The club is currently working on its exposition to attract more students during Joy block on March 20, where members will perform events they are experienced with to show new or potential members what will be covered.

“There's so many different events that you can be a part of and find where you belong,” said Scott.

The club is split up into two categories, as indicated by its name: speech, and debate. Debate events include Student Congress, public forum, and big questions debate, which are generally practiced between students in groups or teams. The other option is speech, which can range from poetry to storytelling.

“I couldn't be more ecstatic and even that's an understatement. I've heard about the push for this to become a class for so long, that it almost hurts sometimes because I kind of felt helpless being in this role and not really being able to do much. But now seeing the fruits of our labor and all of our members—the officers' work, past officers, past members—and seeing that our dedication to this club elicits meaningful change, now it's a class and we're able to expand it, I'm so excited that it was something that was able to happen and it's something that I've been waiting for for so long,” Scott cheered.

Although a senior and unable to enjoy the class next year, Scott is “more than content knowing that my efforts and dedication to a club have allowed more people the opportunity to join this. So many people have come to me saying that they couldn't do Speech and Debate: people that have dropped because they have other commitments because they have sports and they have other clubs or they're the leaders of their own clubs… even though I may be graduating to see that it's going to have an everlasting impact, this is something, it's a class now—it's the future. And I just think that being able to make that happen is what matters. And even though I may miss it, I really don't feel as though I'm missing it.”
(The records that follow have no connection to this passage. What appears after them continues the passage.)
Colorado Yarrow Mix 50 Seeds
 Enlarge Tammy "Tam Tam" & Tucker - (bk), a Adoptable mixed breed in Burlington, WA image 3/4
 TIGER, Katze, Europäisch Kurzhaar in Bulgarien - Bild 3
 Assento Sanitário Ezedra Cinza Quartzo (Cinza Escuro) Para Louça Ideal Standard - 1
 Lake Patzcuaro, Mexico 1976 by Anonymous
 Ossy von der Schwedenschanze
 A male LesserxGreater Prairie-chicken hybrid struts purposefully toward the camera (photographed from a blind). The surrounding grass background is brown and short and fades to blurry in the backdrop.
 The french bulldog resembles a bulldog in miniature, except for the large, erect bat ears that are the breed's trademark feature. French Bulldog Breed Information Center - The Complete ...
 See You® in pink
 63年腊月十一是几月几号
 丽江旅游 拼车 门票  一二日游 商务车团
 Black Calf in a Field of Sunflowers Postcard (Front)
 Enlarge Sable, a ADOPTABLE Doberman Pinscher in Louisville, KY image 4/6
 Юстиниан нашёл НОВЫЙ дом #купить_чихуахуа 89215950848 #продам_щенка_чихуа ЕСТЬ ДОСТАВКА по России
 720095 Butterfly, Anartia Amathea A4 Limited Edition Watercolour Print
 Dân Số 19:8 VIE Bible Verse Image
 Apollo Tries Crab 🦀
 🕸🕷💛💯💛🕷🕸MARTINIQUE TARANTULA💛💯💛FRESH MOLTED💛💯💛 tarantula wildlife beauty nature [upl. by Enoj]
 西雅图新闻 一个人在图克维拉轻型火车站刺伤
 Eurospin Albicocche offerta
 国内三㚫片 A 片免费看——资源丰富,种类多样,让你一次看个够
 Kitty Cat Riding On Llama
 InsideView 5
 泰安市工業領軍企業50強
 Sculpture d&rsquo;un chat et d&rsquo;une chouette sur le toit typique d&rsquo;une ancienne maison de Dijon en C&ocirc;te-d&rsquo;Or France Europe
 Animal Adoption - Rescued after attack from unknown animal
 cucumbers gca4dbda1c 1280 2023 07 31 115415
Shah similarly spoke on how impactful this establishment is. “I hope underclassmen understand just how powerful of an opportunity this is. There are so many stories of small Speech and Debate clubs turning into large programs, and even sending kids to nationals. Students can truly get so much out of this and see so much growth in themselves even if they do not consider themselves good speakers,” he concluded.

Scheer recommends the course to “anyone who likes to argue, anyone who thinks they're always right, anyone [to] who their friends always say, ‘Oh, you're so dramatic,’ anyone who wants to work on public speaking skills, anybody who will ever have to interview for a job—which is everybody—I think, could take this class and get those skills to make them more competitive in an ever increasingly competitive world.”

With their showcase on March 20 in the gallery, be on the lookout to see Speech and Debate members present what the course entails.